Israël cherche à se venger après la Grande Évasion palestinienne
L’évasion est un énorme coup de pouce pour le moral des Palestiniens, puisqu’elle pulvérise une fois de plus l’image de force et d’invincibilité d’Israël face à un peuple occupé qui lutte pour sa liberté.
Tamara Nassar, 8 septembre 2021
Les autorités israéliennes se sentent de plus en plus frustrées, embarrassées et perplexes depuis que six Palestiniens se sont évadés de l’une des prisons les plus fortifiées d’Israël.
Tout en se disant que les hommes pourraient se cacher en Cisjordanie ou qu’ils pourraient avoir traversé la frontière vers la Jordanie, les Palestiniens prient pour leur sécurité et les saluent comme des héros.
Leur évasion est un énorme coup de pouce pour le moral des Palestiniens, puisqu’elle pulvérise une fois de plus l’image de force et d’invincibilité d’Israël face à un peuple occupé qui lutte pour sa liberté.

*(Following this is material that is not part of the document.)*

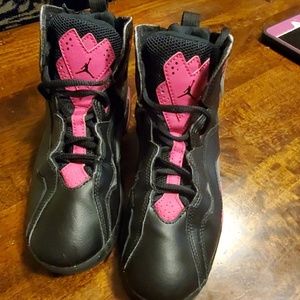 Girls nike black pink jordans 3Y great condtion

L’exploit apparemment impossible a engendré des comparaisons avec La grande évasion – le film qui raconte l’histoire épique de prisonniers de guerre alliés qui s’étaient évadés d’un camp de prisonniers de guerre sévèrement gardé par les nazis au cours de la Seconde Guerre mondiale.

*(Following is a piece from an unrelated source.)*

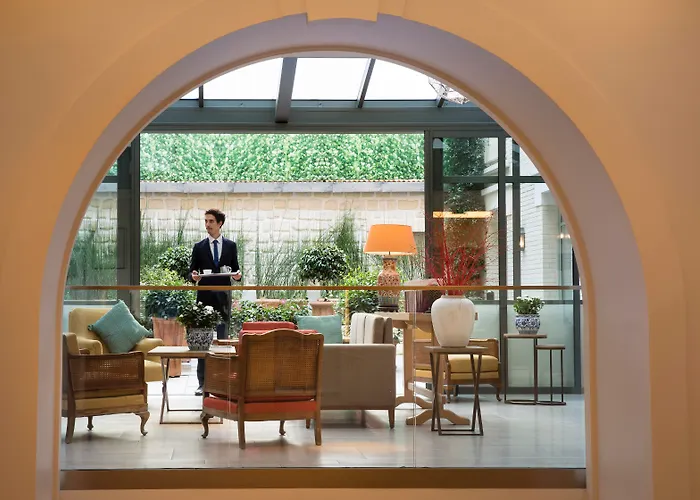 Hotel Le Littré Parigi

Depuis la salle de bain de leur cellule à la prison de Gilboa, dans le nord d’Israël, les prisonniers palestiniens avaient creusé un tunnel souterrain d’une vingtaine de mètres dont la sortie se trouvait juste en dehors des murs de la prison, sous un poste de guet.
La majorité des prisonniers avaient été accusés d’implication dans la préparation d’agressions contre des Israéliens et quatre des six hommes purgeaient des condamnations à perpétuité. Deux attendaient leur procès.

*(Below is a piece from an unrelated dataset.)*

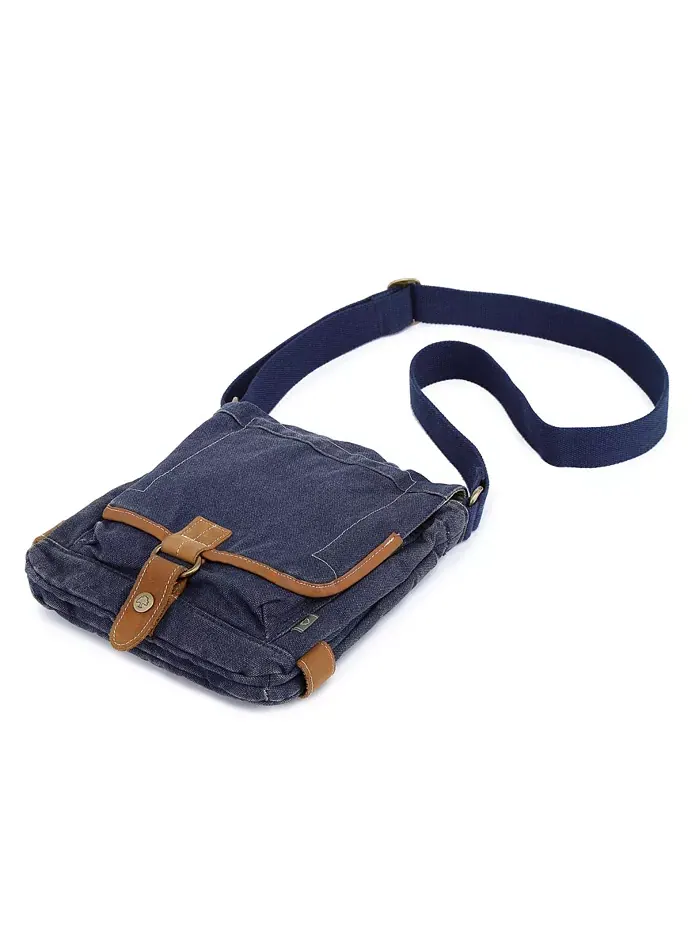 Atona Classic Flap Canvas Crossbody Bag – Кросс-боди сумка Atona Classic Flap из холста TSD BRAND — изображение 8 из 10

Cinq des hommes – Ayham Kamamji, 35 ans, Yacoub Qadri, 49 ans, Munadel Infiat, 26 ans, Muhammad Arda, 39 ans, Mahmoud Arda, 46 ans – sont membres de l’organisation palestinienne de résistance, le Djihad islamique.
Le sixième et le plus connu est Zakaria Zubeidi, 46 ans, un ancien commandant des Brigades des Martyrs d’al-Aqsa, une milice affiliée au Fatah.
Vraisemblablement, les hommes ont passé des mois à creuser ce tunnel.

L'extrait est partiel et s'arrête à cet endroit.